Making a bit of history, tilapia was introduced to Colombian territory in 1956 from Brazil (originally from Jamaica) and then reintroduced in the 1960s with strains from the United States. Thanks to the great variety of climates and ideal environments for its exploitation, tilapia was becoming increasingly popular among fish farmers to be today the most produced fish in the country, ahead of rainbow trout.
Tilapia has acquired such importance in Colombia, that has become the main growth factor of national aquaculture, growing more than 9% annually. Without going any further, between 2017 and 2018 the exports of Tilapia increased from 41 million to 55 million dollars, and in 2018 the formal production capacity of tilapia of the country increased by 4200 tons, it is estimated that the volume of informal production grew in a similar way. Last year Colombia was positioned as the largest exporter of tilapia to the United States with a total sale of around 55 million dollars, displacing Honduras, and is currently the second largest producer of this fish in South America behind Brazil, with an average volume close to 85 thousand tons per year. The main destination markets for Colombian tilapia are the United States, Canada, the United Kingdom and Germany. However, thanks to the constant impulse of the activity, ProColombia, the national exporting entity, targets the European markets (Belgium, Spain France), Asia (Hong Kong, South Korea), South America (Peru, Chile) and some exotic markets like South Africa and Singapore. In fact, in 2018 the first export of Colombian tilapia to Iceland was carried out, through Costco Great Britain. According to experts, the projected exports for the Colombian aquaculture sector would exceed 80 million dollars in this 2019.

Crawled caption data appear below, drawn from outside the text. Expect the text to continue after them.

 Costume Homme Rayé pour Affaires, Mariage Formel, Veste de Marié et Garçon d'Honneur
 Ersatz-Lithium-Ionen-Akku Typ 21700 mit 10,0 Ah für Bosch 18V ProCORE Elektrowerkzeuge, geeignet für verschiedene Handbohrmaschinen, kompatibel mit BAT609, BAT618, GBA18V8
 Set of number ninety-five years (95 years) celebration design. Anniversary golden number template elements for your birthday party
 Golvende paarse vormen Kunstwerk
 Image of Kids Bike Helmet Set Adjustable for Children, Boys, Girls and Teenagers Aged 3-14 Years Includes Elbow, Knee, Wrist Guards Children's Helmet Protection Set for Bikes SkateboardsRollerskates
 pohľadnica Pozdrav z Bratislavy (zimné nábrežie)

The production nerve center is located in the Betania dam, in the department of Huila, where more than 46% of the total volume is produced. In the same department are also the 5 largest producers in the country, who concentrate 80% of tilapia exports in their different presentations. Each company has focused on a specific entry point in the United States, this is how this strategy facilitates healthy competition for the different market niches, unlocking its products in Miami, Los Angeles and New York, from where they are subsequently distributed as long and wide of the country. Additionally, in the same region of Huila are three of the only five processing plants with the needed certifications and export capacity in the country, in fact, this is currently the only constraint that separates Colombian tilapia from the rest of the world, because if they had more processing plants enabled to export, sales levels abroad would grow immensely.

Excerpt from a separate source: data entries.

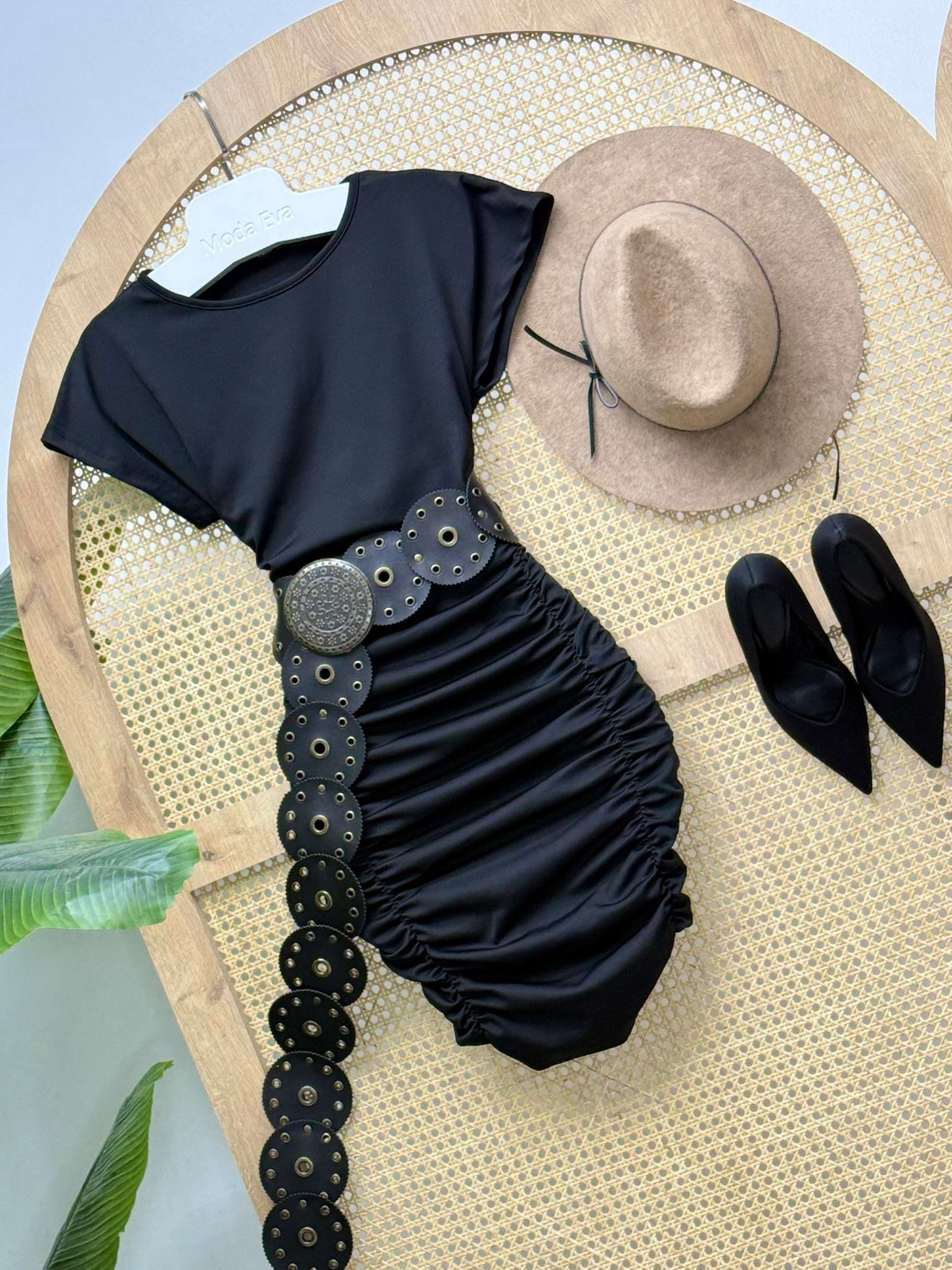 Kristal Pamuk Kumaş Drapeli Kalem Elbise Siyah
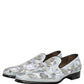 White Floral Embellished Men Loafers Shoes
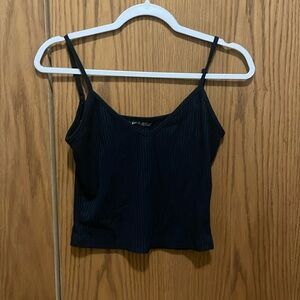 Navy Ribbed Crop Top
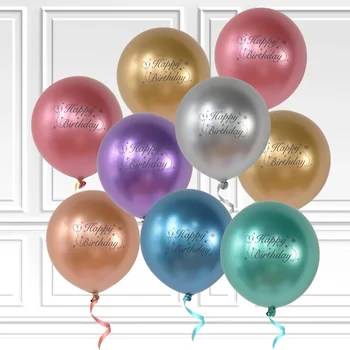 10pcs de 12 țoli Chrome Metalice Baloane din Latex Happy Birthday Balon cu Heliu de Aer de Metal Globos Decoratiuni Ziua de nastere Copil de Dus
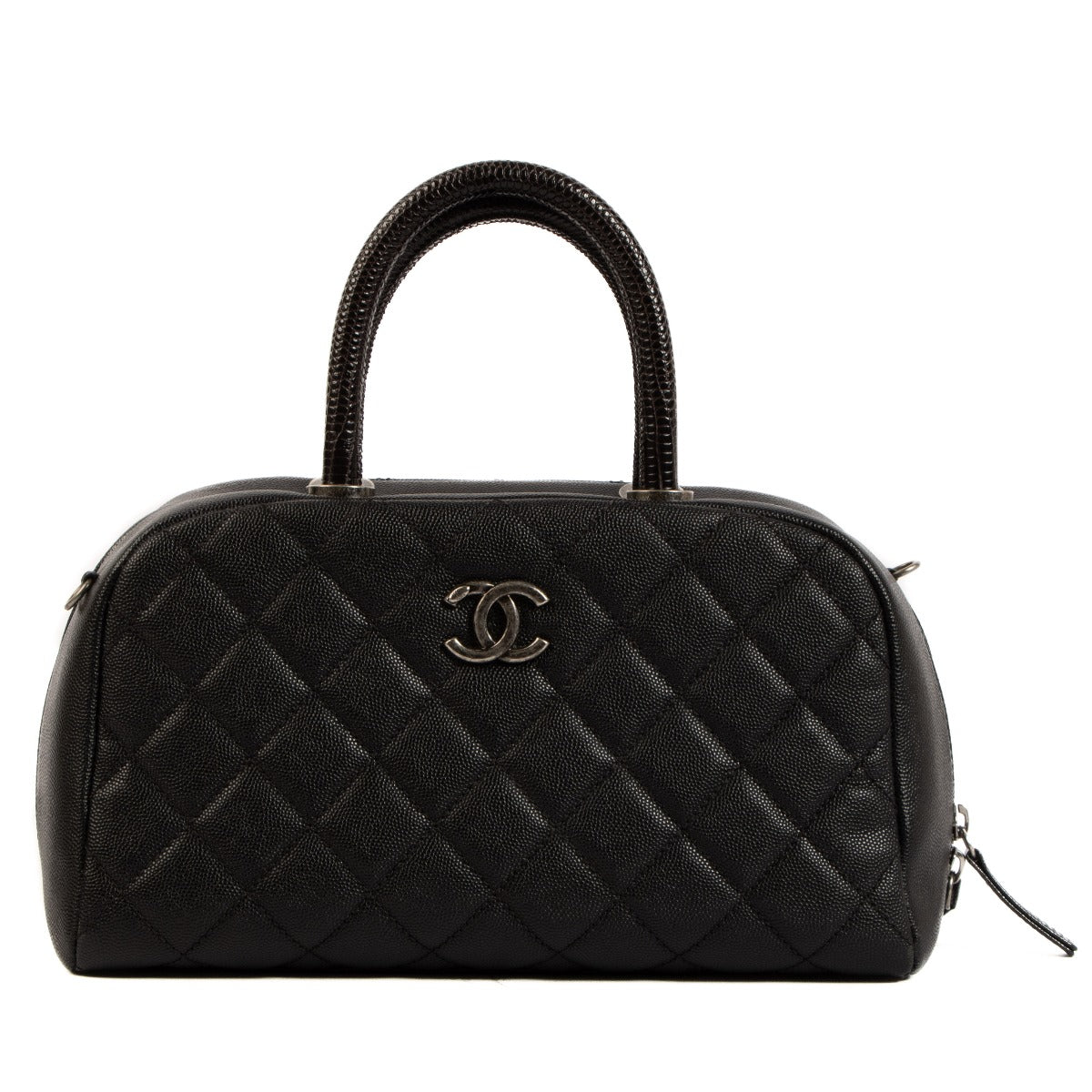 Chanel Black Lizard Handle Bowling Bag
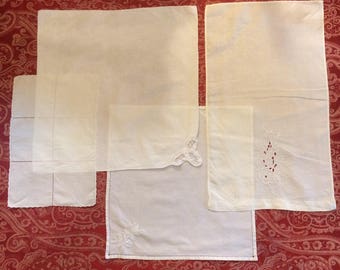 Set of 4 Vintage White Linen Cotton Dresser Scarves Doilies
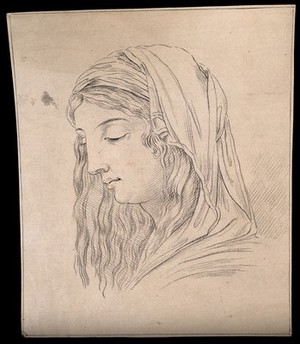 view Head of the Virgin Mary. Drawing, c. 1793.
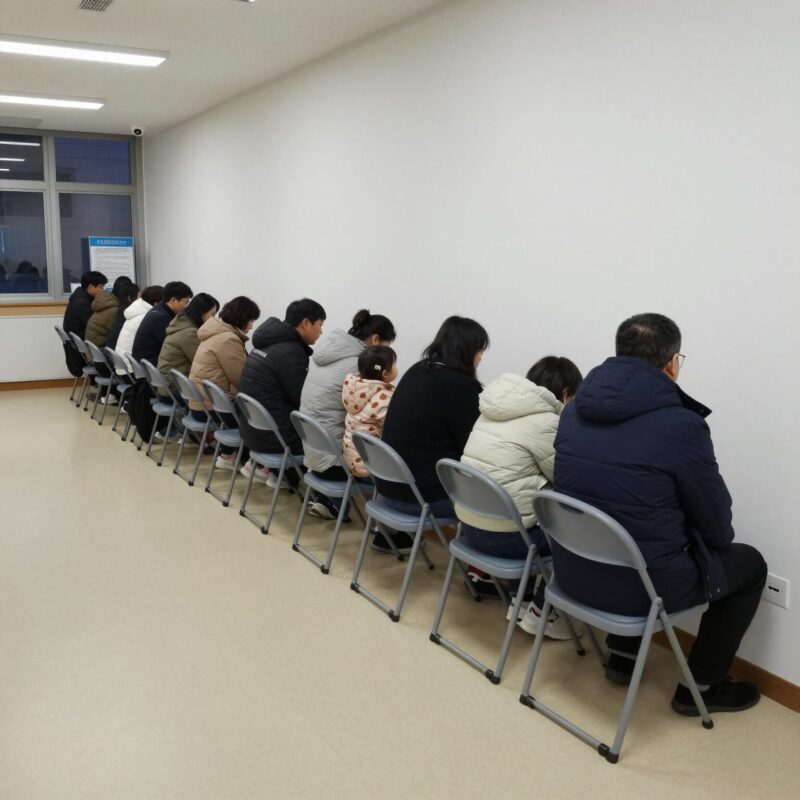 문미호소아과 영유아검진 예약 성공 후기 1 문미호소아과 영유아검진 예약을 위해 새벽 1시 30분에 도착한 대기 줄 모습. 접이식 의자를 펴고 기다리는 부모들.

Thanks to the proximity to the American market, the main export product is the fresh black tilapia fillet, which also represents “the great advantage” with respect to its competitors who must send their frozen products. Production costs are relatively low due to the most commonly used farming techniques (floating rafts and ponds on land) and the price of concentrated feed produced locally. The cost per kilo of whole fish is around 1.5 USD, and the fillet can reach a total cost of 2.35 USD / Kg. In a smaller quantity, fresh red tilapia is also commercialized mainly in the markets of Central and South America (Mexico, Panama, Peru, Ecuador) with a cost of production that would be around 1.45USD / kg in its eviscerated presentation in pan size (1lb).
One of the most important advantages of the tilapia industry in Colombia over other aquaculture-fishing activities is that it has governmental and private entities that support the development of the same, being that it employs more than 10,000 people directly and thousands of others in related activities. For example, so far this year, three different trainings have already been carried out for the country’s tilapia producers in health and biosafety, new technologies and regulations, as well as ProColombia brought with it a contingent of the country’s most important importers. Seafood Expo Global in Brussels, held last May in search of new potential buyers for tilapia and Colombian trout. Undoubtedly, the government of the country looks with great eyes on the future of the national aquaculture, always driven by the tilapia at the top.